I asked Professor Yeh Tsung-kuang of Taiwan’s National Tsing Hua University whether there is a possible way back for Japan’s nuclear export industry.
“Unlike Korea where the leadership is backing the nuclear industry to the hilt, including restarting exports, I think Japan is more concerned with making sure there is enough power to supply their domestic needs,” said Professor Yeh, “I don’t think there is the political support or the commercial appetite for whole-plant exports. However, Japan’s nuclear industry will continue to play an important role world-wide through their US-collaborations.” Hitachi is in alliance with General Electric while Mitsubishi Heavy Industries has long-standing technical partnerships with Westinghouse.
Compared to the US, which suffered from a 4-decade drought in construction starts, Japan’s supply chains for parts such as reactor vessels, fuel rods and cooling pumps are not so atrophied. This means while Japan no longer have the ambition to export whole nuclear power plants at the moment, it’s still a formidable maker of components. With the world turning away from Russian and Chinese supply chains, Japanese components makers will likely find a rich market supplying both parts for new builds and in parts replacement and maintenance.
Research and Development for a new future
According to the Japanese Ministry of the Economy’s “Green Growth Strategy” document, released 2021, Japan has not completely abandoned R&D in nuclear energy. Small Modular Reactors, Fast Reactors and fusion all gets some love and and a roadmap that goes to 2050. However, the most exciting area in R&D appears to be for High Temperature Gas Reactors (HTGR):
Out of all four roadmaps, the next-steps for the HTGR appears to be the most concrete. The 30MW experimental High Temperature Engineering Test Reactor (HTTR) has been successfully restarted. The next step, after testing to confirm the “inherent safety” of the technology, would be developing the technology required to tap HTGRs for hydrogen production. This dovetails closely with Japan’s stated ambitions to go big on hydrogen.
THE ELEMENTAL TAKE
The Japanese atom, more than that of any other nuclear industry in the world, demonstrated how it is possible to build nuclear plants fast and on budget through relentless standardization. It was able to do so well into the 2000s. The next time it’s argued that nuclear is too slow, never on budget, can’t be done in a modern democratic country efficiently etc etc, remember it WAS done…less than two decades ago.

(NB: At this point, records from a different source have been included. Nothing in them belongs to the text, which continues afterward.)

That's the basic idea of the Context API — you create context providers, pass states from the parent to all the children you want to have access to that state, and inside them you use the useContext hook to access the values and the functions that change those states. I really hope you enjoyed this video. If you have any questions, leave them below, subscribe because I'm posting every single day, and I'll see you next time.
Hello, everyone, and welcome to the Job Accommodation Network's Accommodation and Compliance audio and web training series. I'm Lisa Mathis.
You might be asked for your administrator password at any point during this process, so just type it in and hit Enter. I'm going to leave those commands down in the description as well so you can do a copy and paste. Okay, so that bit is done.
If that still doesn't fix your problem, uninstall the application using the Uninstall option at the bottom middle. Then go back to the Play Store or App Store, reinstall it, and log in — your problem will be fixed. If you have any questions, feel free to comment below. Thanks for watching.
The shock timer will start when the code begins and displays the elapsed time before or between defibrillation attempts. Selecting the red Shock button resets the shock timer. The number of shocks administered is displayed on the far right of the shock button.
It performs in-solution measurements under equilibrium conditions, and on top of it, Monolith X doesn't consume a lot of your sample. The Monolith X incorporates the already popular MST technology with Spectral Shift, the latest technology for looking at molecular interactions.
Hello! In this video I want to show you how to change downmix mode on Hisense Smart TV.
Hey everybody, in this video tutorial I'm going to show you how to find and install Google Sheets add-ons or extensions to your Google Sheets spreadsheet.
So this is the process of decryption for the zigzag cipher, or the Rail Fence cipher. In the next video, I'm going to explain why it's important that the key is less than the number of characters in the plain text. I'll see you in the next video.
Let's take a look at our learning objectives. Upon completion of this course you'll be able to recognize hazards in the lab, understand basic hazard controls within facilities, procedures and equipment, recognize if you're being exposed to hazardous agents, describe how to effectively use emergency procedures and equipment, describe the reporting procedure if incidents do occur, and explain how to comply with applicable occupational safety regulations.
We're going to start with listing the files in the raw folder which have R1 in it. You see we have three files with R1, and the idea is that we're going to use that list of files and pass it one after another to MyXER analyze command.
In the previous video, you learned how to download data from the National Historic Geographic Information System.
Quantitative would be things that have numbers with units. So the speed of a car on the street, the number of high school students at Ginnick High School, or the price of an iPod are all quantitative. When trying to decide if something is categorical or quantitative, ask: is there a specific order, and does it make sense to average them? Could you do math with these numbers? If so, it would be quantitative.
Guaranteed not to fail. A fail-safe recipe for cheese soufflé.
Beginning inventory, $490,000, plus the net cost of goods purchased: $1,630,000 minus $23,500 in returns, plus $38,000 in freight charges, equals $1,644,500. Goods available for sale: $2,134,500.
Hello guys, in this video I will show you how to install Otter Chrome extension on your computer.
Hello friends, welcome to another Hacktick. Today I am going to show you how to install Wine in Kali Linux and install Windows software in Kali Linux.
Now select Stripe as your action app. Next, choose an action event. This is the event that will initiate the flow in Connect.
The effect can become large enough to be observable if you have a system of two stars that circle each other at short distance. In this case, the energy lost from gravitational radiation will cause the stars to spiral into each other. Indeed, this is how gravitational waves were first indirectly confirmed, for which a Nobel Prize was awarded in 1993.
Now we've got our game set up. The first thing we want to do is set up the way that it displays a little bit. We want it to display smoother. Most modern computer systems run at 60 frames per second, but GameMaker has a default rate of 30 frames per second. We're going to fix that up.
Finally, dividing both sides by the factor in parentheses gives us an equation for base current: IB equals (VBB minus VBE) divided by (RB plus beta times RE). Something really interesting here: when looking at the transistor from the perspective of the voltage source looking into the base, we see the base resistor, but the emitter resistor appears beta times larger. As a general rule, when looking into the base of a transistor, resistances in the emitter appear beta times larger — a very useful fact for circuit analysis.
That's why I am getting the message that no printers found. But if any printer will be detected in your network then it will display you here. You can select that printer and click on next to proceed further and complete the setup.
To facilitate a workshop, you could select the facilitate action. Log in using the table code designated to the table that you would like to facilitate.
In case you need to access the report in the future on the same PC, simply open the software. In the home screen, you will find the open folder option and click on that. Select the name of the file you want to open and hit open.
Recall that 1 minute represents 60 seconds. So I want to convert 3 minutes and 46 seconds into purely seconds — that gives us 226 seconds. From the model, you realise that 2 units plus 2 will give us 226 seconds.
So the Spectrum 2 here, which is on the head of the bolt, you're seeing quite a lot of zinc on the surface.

Support for nuclear energy is rising. In March, for the first time since Fukushima, the majority of Japanese again supported nuclear power. We can expect more legacy plants to re-open. Japan’s role as a supply-chain player supplying critical parts to the nuclear industries of the world also seem secure. As an example: only four countries currently have the heavy forging necessary to make large reactor vessels: Japan, China, France and Russia.
It’s a shame that the industry’s efforts to keep the ABWR lineage alive through exports after the trauma of Fukushima have failed. The Japanese government appears to have no desire to revive it. Instead, we have rather preliminary research and development going in several different directions.
While I wish all of those efforts well, the straightest path to energy security and a decarbonized future for Japan surely would have been a straight-forward resuscitation of ABWR (and APWR) development. Their size and speed of deployment will not be matched for quite a while.